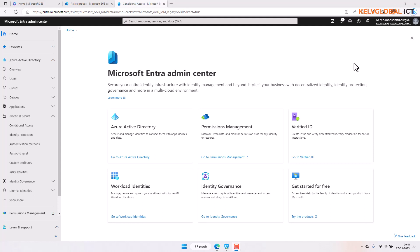We also need a non-admin account, which we're going to use to test our conditional access policy. Additionally, you need a group — and please do not include your administrator account in that group, because you may lock yourself out. This group is going to contain the test user we just created.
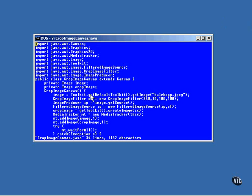This is a call to the toolkit method, GetImage, that loads the original image from disk. The image is a panoramic view that includes the Hale-Bopp comet, and this program is going to make a cropped version that only includes the little section of the comet itself.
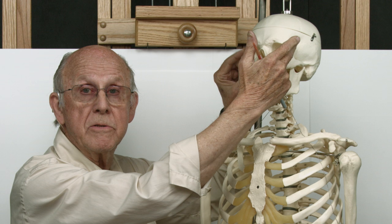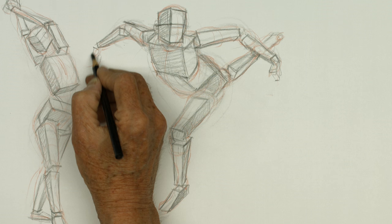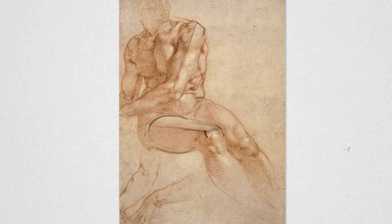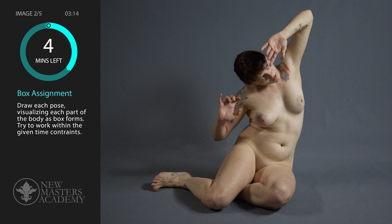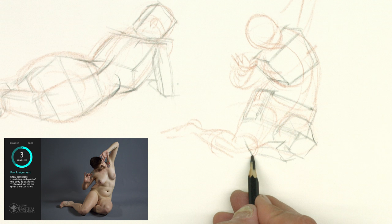I'm going to be lecturing and demonstrating. We'll talk about old master drawings. At the end, I will give you an assignment, and then I'm going to do that exact same assignment.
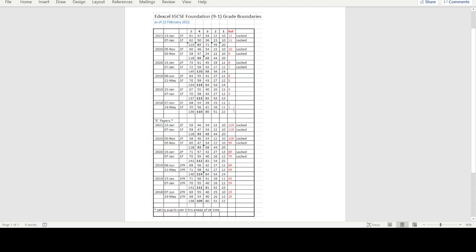My referencing there in red cross-references into the actual video. I've just labelled them one onwards from when they started back in 2018. You'll see that as of today, the 28th of February, 2022, the papers are locked for the two sittings in 2020 and the January 2021.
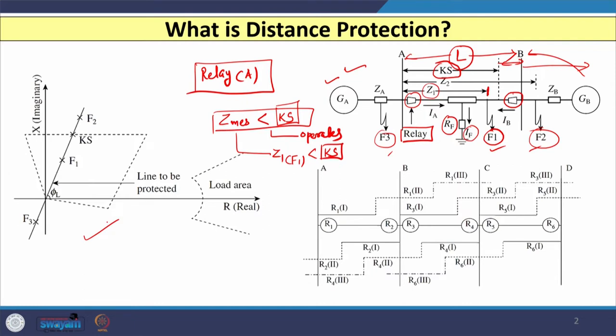Distance relay has different characteristics: impedance characteristic, mho characteristic, quadrilateral characteristic, lenticular characteristic, elliptical characteristic, and so on. The most widely used characteristic is the quadrilateral characteristic. All characteristics of the distance relay are shown on the R-X plane, with R or the real part on the X-axis and X or the imaginary part on the Y-axis.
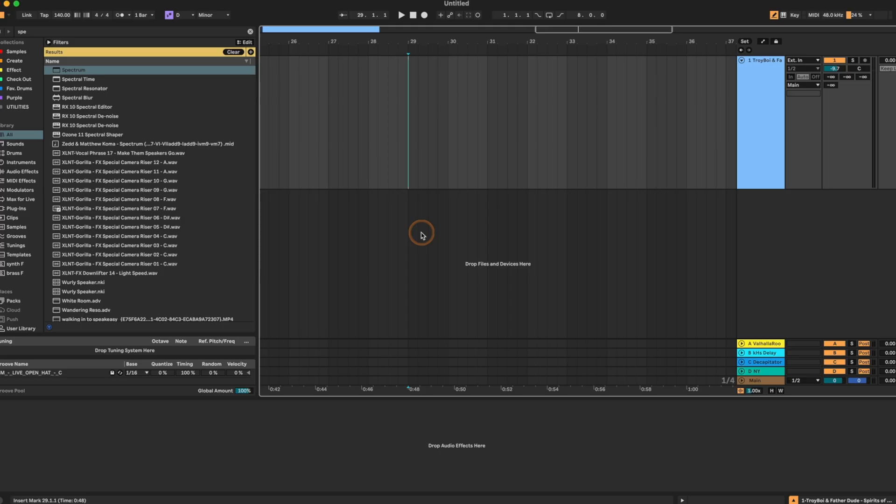Alright, so we are trying to figure out the key and the BPM of a track. Why you'd want to do this, there's many reasons. Maybe you're using it as a reference track, maybe you're remixing it, maybe you're sampling it. Number of reasons.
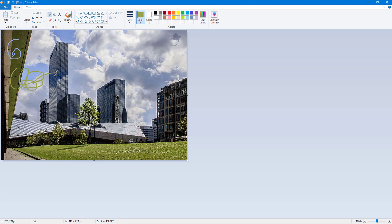And that is how you can use the eyedropper tool inside of Microsoft Paint. So I hope you guys learned something. As always, please like, comment, share, and subscribe.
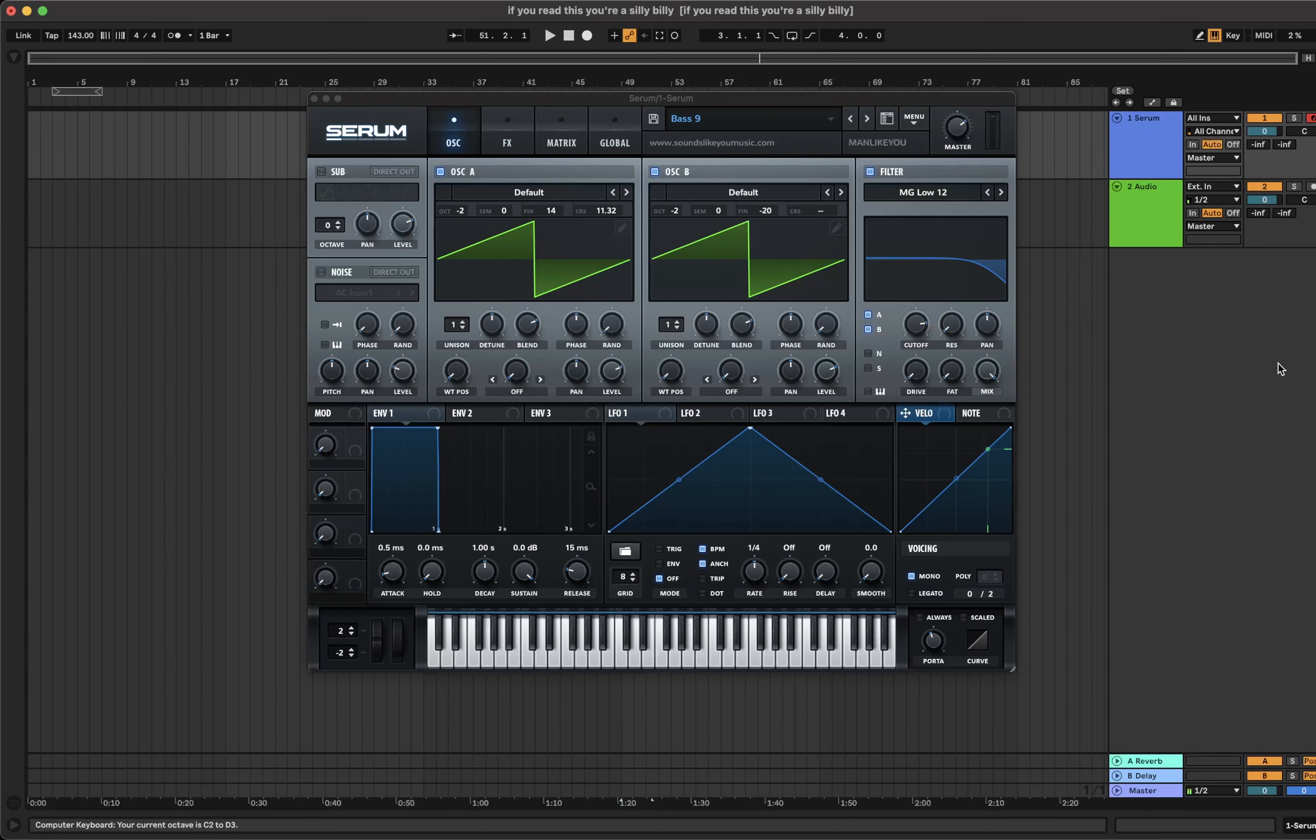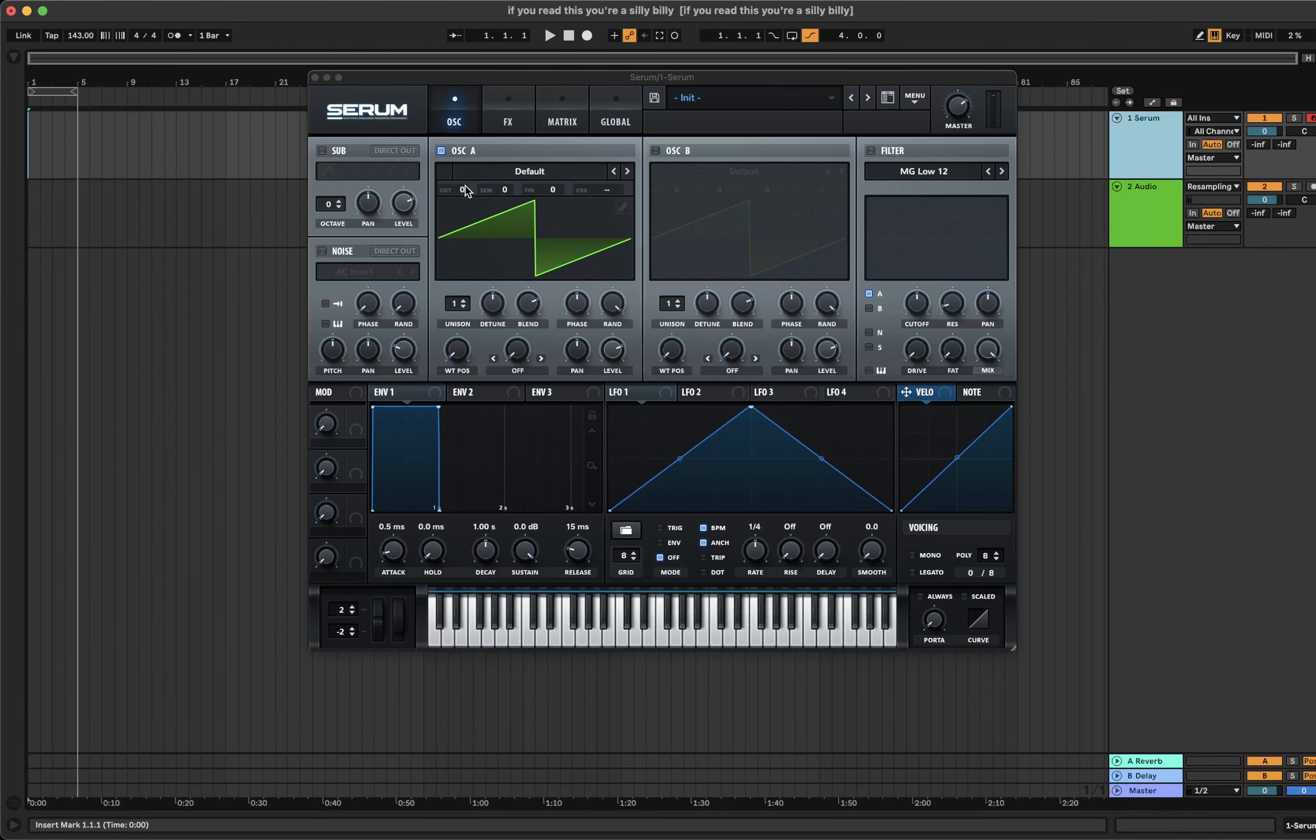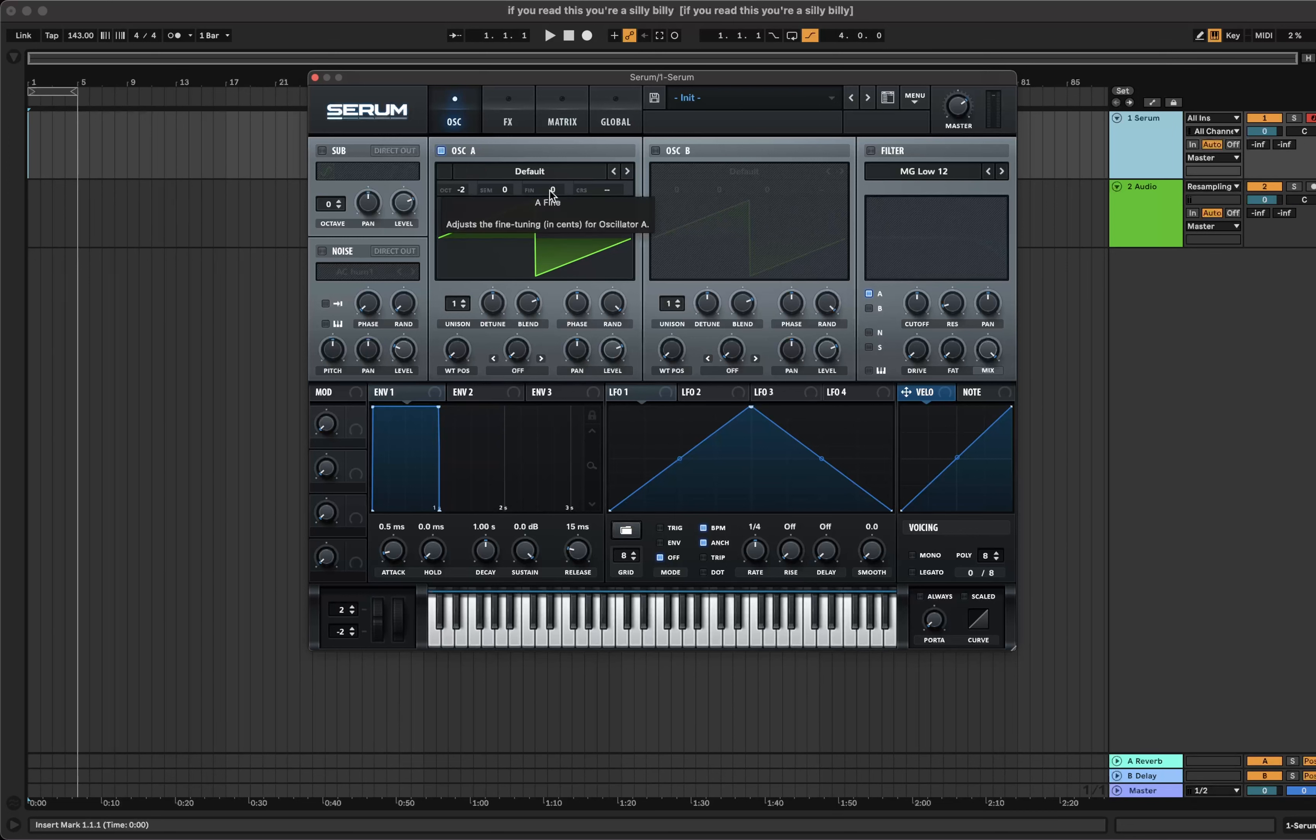Here's how you make this bass sound in Serum. First, leave oscillator A on the default wavetable. Bring it down two octaves and increase the fine tune to 14.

* **Aim of the exercise**: Copy the records above exactly. The pictures are not part of the copy.

* **Answer to this task**:
We also need a non-admin account, which we're going to use to test our conditional access policy. Additionally, you need a group — and please do not include your administrator account in that group, because you may lock yourself out. This group is going to contain the test user we just created.
This is a call to the toolkit method, GetImage, that loads the original image from disk. The image is a panoramic view that includes the Hale-Bopp comet, and this program is going to make a cropped version that only includes the little section of the comet itself.
I'm going to be lecturing and demonstrating. We'll talk about old master drawings. At the end, I will give you an assignment, and then I'm going to do that exact same assignment.
My referencing there in red cross-references into the actual video. I've just labelled them one onwards from when they started back in 2018. You'll see that as of today, the 28th of February, 2022, the papers are locked for the two sittings in 2020 and the January 2021.
Distance relay has different characteristics: impedance characteristic, mho characteristic, quadrilateral characteristic, lenticular characteristic, elliptical characteristic, and so on. The most widely used characteristic is the quadrilateral characteristic. All characteristics of the distance relay are shown on the R-X plane, with R or the real part on the X-axis and X or the imaginary part on the Y-axis.
Alright, so we are trying to figure out the key and the BPM of a track. Why you'd want to do this, there's many reasons. Maybe you're using it as a reference track, maybe you're remixing it, maybe you're sampling it. Number of reasons.
And that is how you can use the eyedropper tool inside of Microsoft Paint. So I hope you guys learned something. As always, please like, comment, share, and subscribe.
Here's how you make this bass sound in Serum. First, leave oscillator A on the default wavetable. Bring it down two octaves and increase the fine tune to 14.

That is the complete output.